Two suspected Al Qaeda terrorists who crashed a jeep into Glasgow airport left behind a suicide note explaining their motives and grievances, the media reported on Thursday.
According to The Times, police did not say where the apparent suicide note was found but the language in it indicated that the men intended to blow up the vehicle while they were inside.
The suicide note reportedly explained their motives behind the attack as well as grievances.
Both men survived the attack although Khalid Ahmed, the driver, suffered 90 per cent burns and is in a critical condition.
The focus is now on the role of Bilal Abdulla, the Iraqi doctor who was a passenger in the jeep that rammed into the terminal at Glasgow airport. He was not badly injured.
There were claims on Thursday night that the Indian man arrested in Liverpool, Sabeel Ahmed, was seen in Cambridge with Abdulla.
Police sources claimed that three of the suspects were related and were raised in Bangalore. One of them, Mohammed Asif Ali was released without charge in Australia. The other five young medics under arrest are of Middle Eastern origin.
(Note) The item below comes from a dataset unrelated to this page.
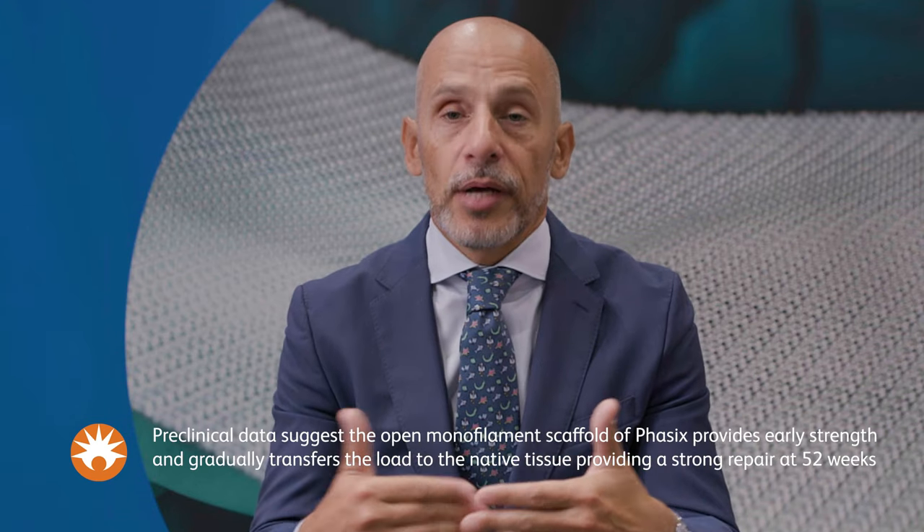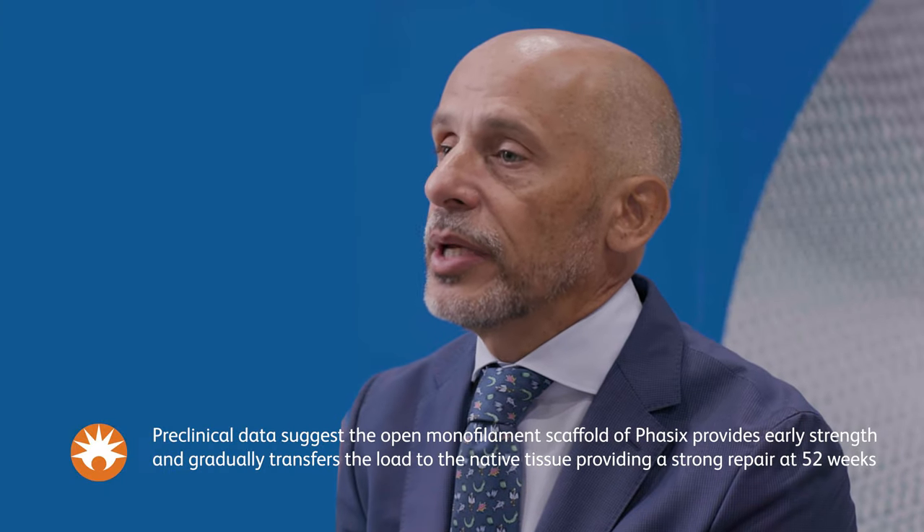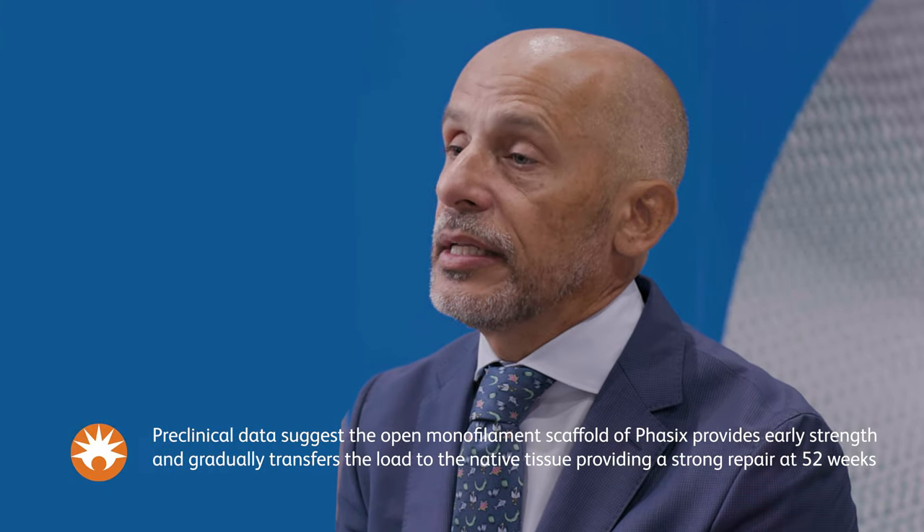A hiatal hernia is basically when you have a good portion of your stomach up into your chest. The way I describe it to patients is: first, we bring the stomach down. The second thing with the surgery is to reinforce the diaphragm so the stomach won't go back up. We close it with stitches primarily, and then reinforce it with the mesh. What the mesh is going to do is, as it reabsorbs, it's going to leave tissue behind that is stronger than the native tissue.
Officers suspect that some of the doctors arrested in connection with the failed car bombings in London and Glasgow planned their attacks in Britain. Detectives are also investigating whether the terrorist cell was assembled by radicalised junior doctors in this country. They may have met in Cambridge, CNN claimed.
According to The Daily Telegraph, Abdulla was also associated with members of the radical Islamic group Hizb ut-Tahrir in Cambridge.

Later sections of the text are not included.